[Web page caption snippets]

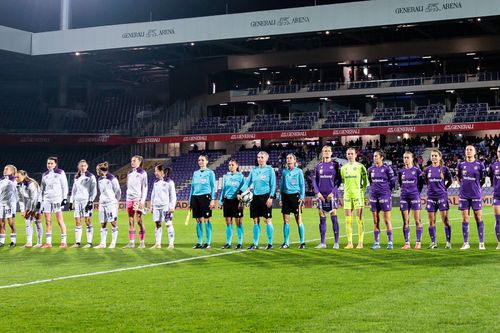 Ștefania Vătafu, căpitan la Anderlecht/ foto: imago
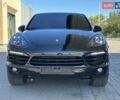Черный Порше Каен, объемом двигателя 2.97 л и пробегом 164 тыс. км за 27999 $, фото 4 на Automoto.ua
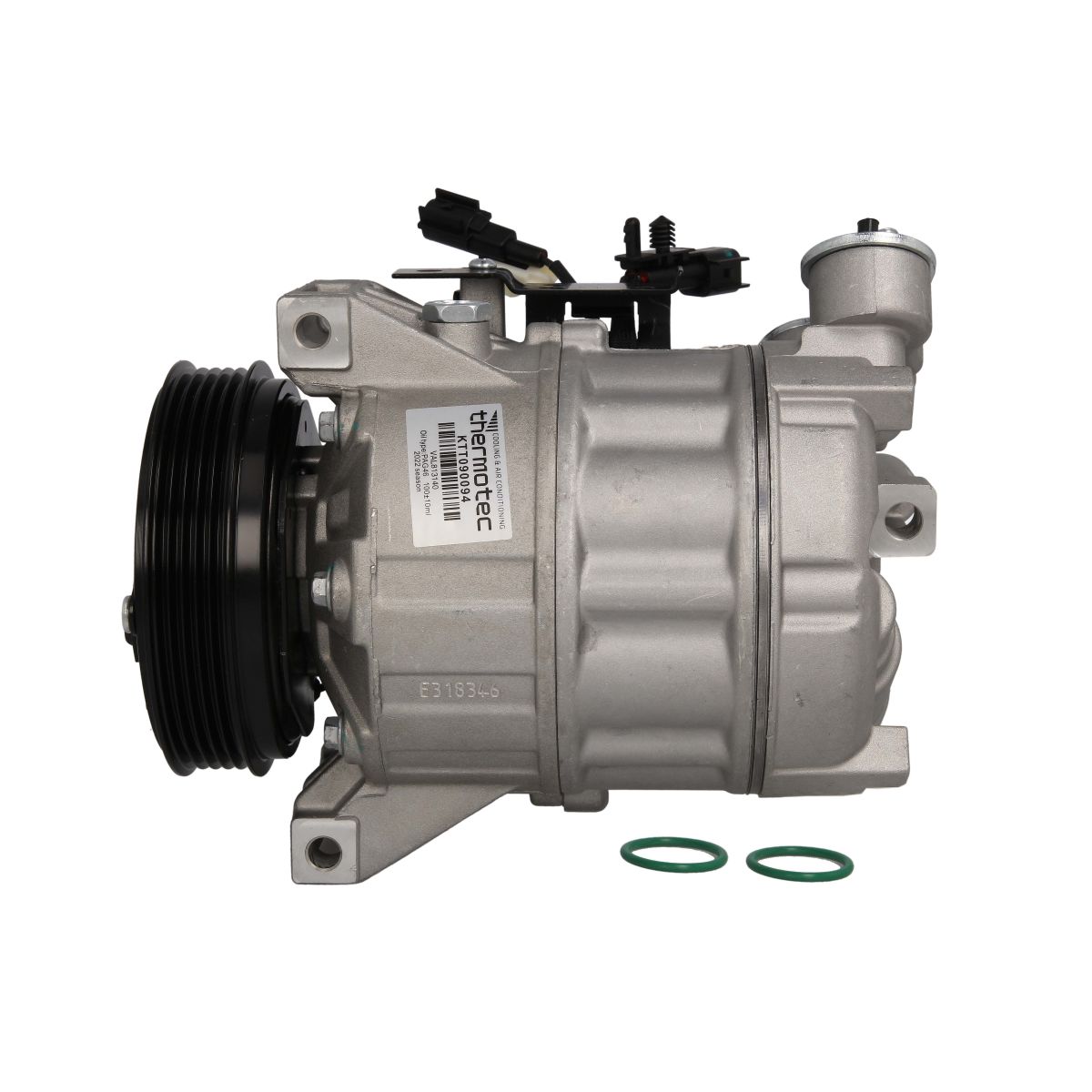 Image of Compressor airconditioning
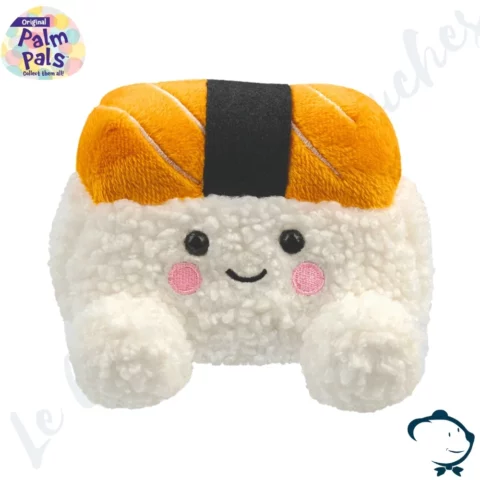 Sushiro Salmon Sushi Palm Pals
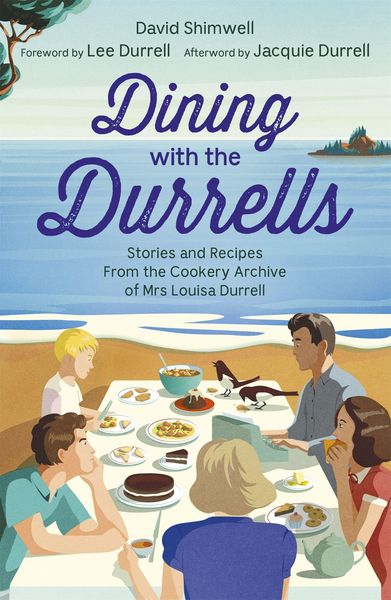 Produktbild: Dining with the Durrells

### Task details:
No pictures belong in the copy; output every record exactly.

### Answer for the task:
 Ștefania Vătafu, căpitan la Anderlecht/ foto: imago
Черный Порше Каен, объемом двигателя 2.97 л и пробегом 164 тыс. км за 27999 $, фото 4 на Automoto.ua
 Image of Compressor airconditioning
 Sushiro Salmon Sushi Palm Pals
 Produktbild: Dining with the Durrells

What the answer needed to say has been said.